Thursday, June 17, 2010

When We Call on the Bear

Elisha was on his way home after having cleansed the waters of Jericho. We find this incident recorded in 2 Kings 2:23-24. Most of us are quite vulnerable in the wake of successes like that. No wonder perhaps that Elisha then ran into a bunch of children who teased and mocked him. Those voices that we hear either in our heads or come from others are frequently quite childish in their approach, but nevertheless they sting and often hit home, that is, they reveal those areas where the truth still haven’t been established as an incontestable fact in our lives.


Many of us believe the lies the Devil has sold us about ourselves. We think we are found wanting; that there are areas of our lives that need a fix. We demote our tendencies, inclinations, doings and so forth as not Christ like. The plain truth is, however, that in Christ we have been released from all that. What we need is a renewal of the mind so that we can grasp who we are in Christ. Our imagined failings are residues of the thinking patterns we were so accustomed to when we ate from the tree to knowledge of good and evil.


It is in those times of afflictions God wants us to understand that we are not alone and that we are perfected in Christ. We are made whole once and for all. He is walking in the midst of our being when those voices come against us. Since Christ is in us, it is not only we, but also He that is under accusation. I am the first to admit that I think in terms of separation when those instances occur. I see myself as a lone island, left on my own to face the enemy’s fierce attacks on my faith.

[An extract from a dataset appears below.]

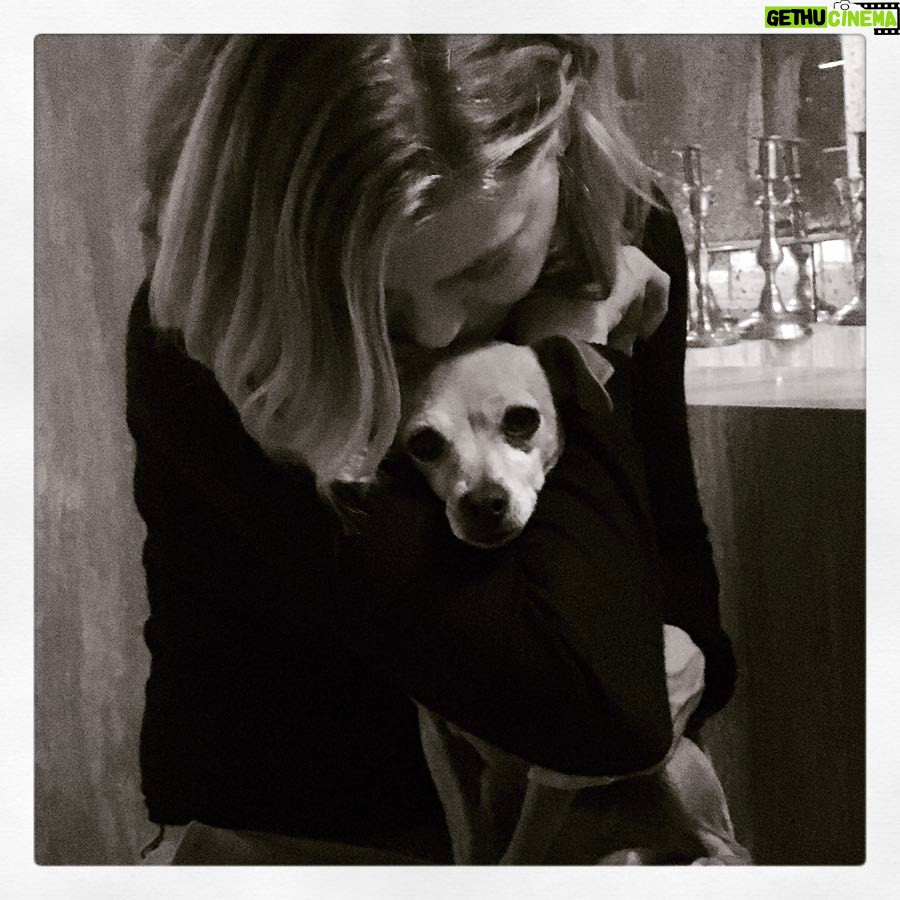 Ellen Pompeo Instagram - So grateful to @loveleorescue for my lily... she brings my whole family so much joy. Thanks to @rachaelray and #santapaws2017 for supporting @loveleorescue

However, that is not the truth. Christ in me is going through the same sufferings as I do. His invitation stands firm in the midst of the storm; “Come and take my yoke upon you.” That’s a magnificent image of the union life. Jesus carries the main burden in our union with Him. When He says that His yoke is easy it is on account of that our role is quite simply to rest in Him.


Our work is hence basically to leave the whole affair to God and watch Him rescue us. Elisha learned this secret through this incident. When he understood what was going on He called on two bears which efficiently killed those voices that haunted him. This was His testing time and He came out fixed in the union life, and his ministry soared with the most astounding miracles after He had been settled in who he was in God.


Since there is no separation in God and He is encountering the same problems as we do it should be quite clear that He is the one that has designed those things we face. If we say He has merely allowed them He is rendered in our consciousnesses as a passive spectator. That is not the case. He never slumbers nor sleeps, and His activity is not to our destruction, even though it sometimes feels that way. Of course He wants to shatter our illusion of independent-self, but the goal is to see us irrevocably fixed in the union with Him. Through all this He proves Himself to us as our total adequacy.